Skip to content

Return Period Values

Estimates the value expected to be exceeded once every N years using peaks-over-threshold (POT) extreme value analysis.

rpv

Parameter Type Default Description
return_periods list[float] [1,5,10,20,50,100,1000,10000] Return periods in years.
percentile float 95 Percentile used to define the POT threshold.
distribution str "gumbel_r" Any scipy.stats continuous distribution name.
duration float 24 Minimum peak separation in hours.
group str null Time grouping (rarely used with RPV).

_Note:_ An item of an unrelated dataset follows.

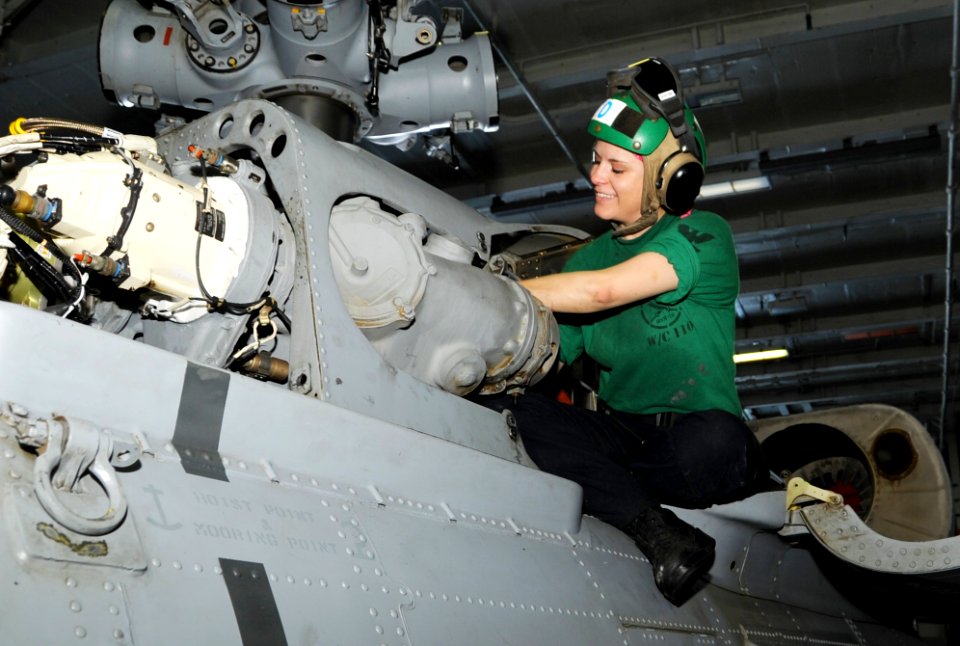 USS George H.W. Bush (CVN 77) 140628-N-MU440-010 (14537144111)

The output has a period dimension with the return period values (in years).

- func: rpv
  dim: time
  data_vars: [hs]
  return_periods: [10, 25, 50, 100]
  percentile: 95
  distribution: gumbel_r
  duration: 24         # peaks must be at least 24 h apart
  chunks:
    time: -1           # RPV requires the full time axis in one chunk
    latitude: 30
    longitude: 30
  tiles:
    latitude: 10

Note

rpv requires the entire time axis to be in a single chunk. Use chunks: {time: -1} together with tiles for large grids.

Distributions

Any distribution available in scipy.stats can be used. Common choices:

distribution Use case
gumbel_r Wave heights, wind speeds (Gumbel max)
weibull_min Wind speed (Weibull)
genpareto Generalised Pareto for POT data
lognorm Log-normal

Method

  1. A threshold is defined at the given percentile of the data.
  2. Peaks above the threshold are extracted, requiring at least duration hours between peaks (to ensure independence).
  3. The chosen scipy.stats distribution is fitted to the peaks.
  4. Values at each return period are computed from the fitted distribution's inverse survival function.

API reference

gridstats.ops.rpv.rpv(data: xr.Dataset, *, dim: str = 'time', return_periods: list[float] = _DEFAULT_RETURN_PERIODS, percentile: float = 95, distribution: str = 'gumbel_r', duration: float = 24, group: str | None = None, **kwargs) -> xr.Dataset

Compute return period values using extreme value analysis.

Parameters:

Name Type Description Default
data Dataset

Input dataset.

required
dim str

Time dimension name.

'time'
return_periods list[float]

Return periods in years at which to estimate values.

_DEFAULT_RETURN_PERIODS
percentile float

Percentile threshold for peaks-over-threshold selection.

95
distribution str

scipy.stats continuous distribution name.

'gumbel_r'
duration float

Minimum time (hours) between detected peaks.

24
group str | None

Time component to group by before computing RPV (e.g. 'month'). Not commonly used for RPV.

None

Returns:

Type Description
Dataset

Dataset with a 'period' dimension containing the estimated values.

Raises:

Type Description
ValueError

If the distribution is not available in scipy.stats or if the timestep exceeds the specified duration.